MATERIAL FOR THIS EXERCISE:

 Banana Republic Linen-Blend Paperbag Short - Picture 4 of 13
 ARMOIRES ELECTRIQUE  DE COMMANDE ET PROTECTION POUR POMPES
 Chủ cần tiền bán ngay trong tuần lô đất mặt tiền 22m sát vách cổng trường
--
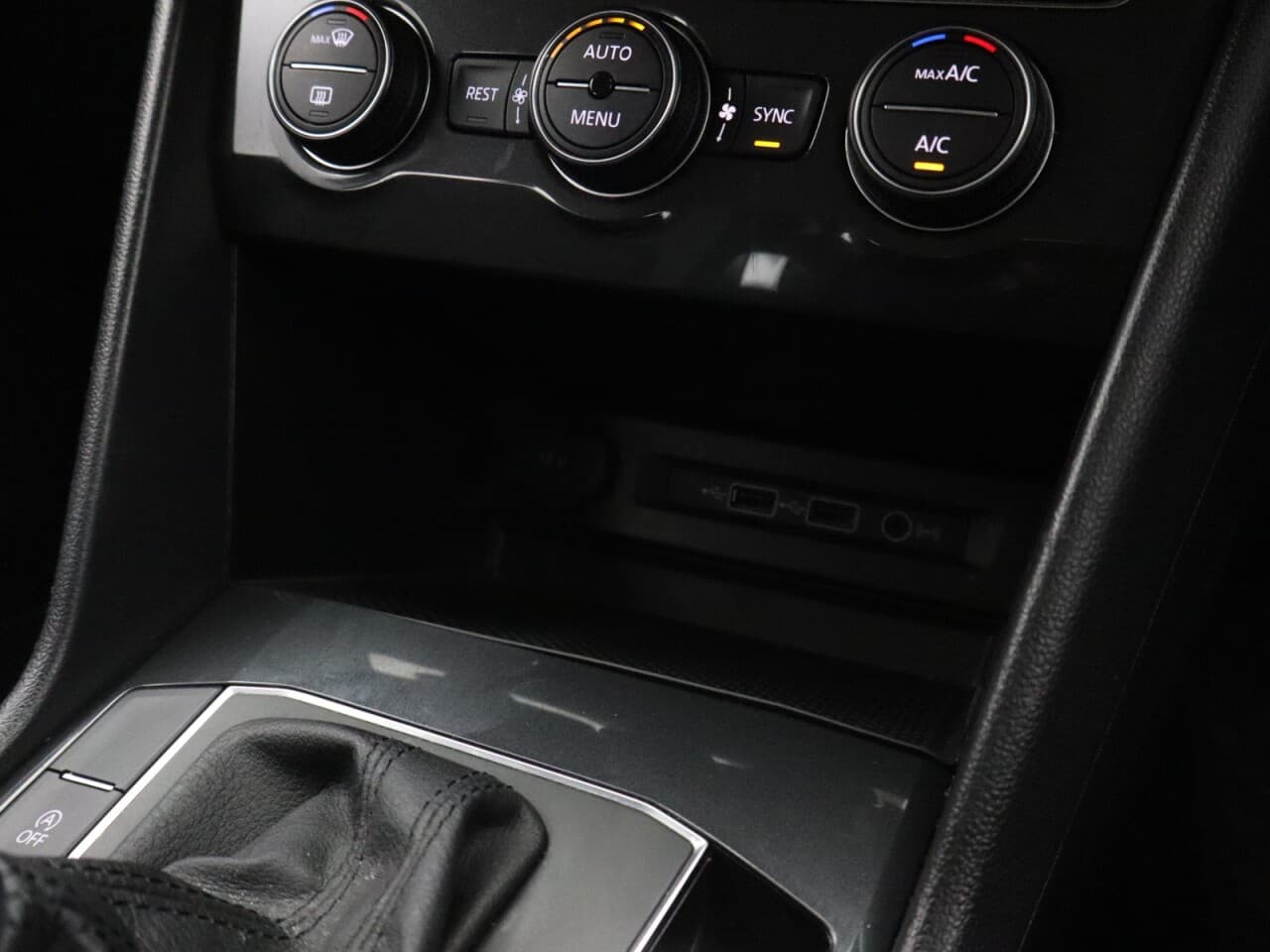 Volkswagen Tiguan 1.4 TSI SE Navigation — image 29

EXERCISE OBJECTIVE:
Using the data above, print exactly the lines from the line that contains "Banana Republic Linen-Blend" through the line that contains "Chủ cần tiền", with both included.

EXERCISE OUTPUT:
 Banana Republic Linen-Blend Paperbag Short - Picture 4 of 13
 ARMOIRES ELECTRIQUE  DE COMMANDE ET PROTECTION POUR POMPES
 Chủ cần tiền bán ngay trong tuần lô đất mặt tiền 22m sát vách cổng trường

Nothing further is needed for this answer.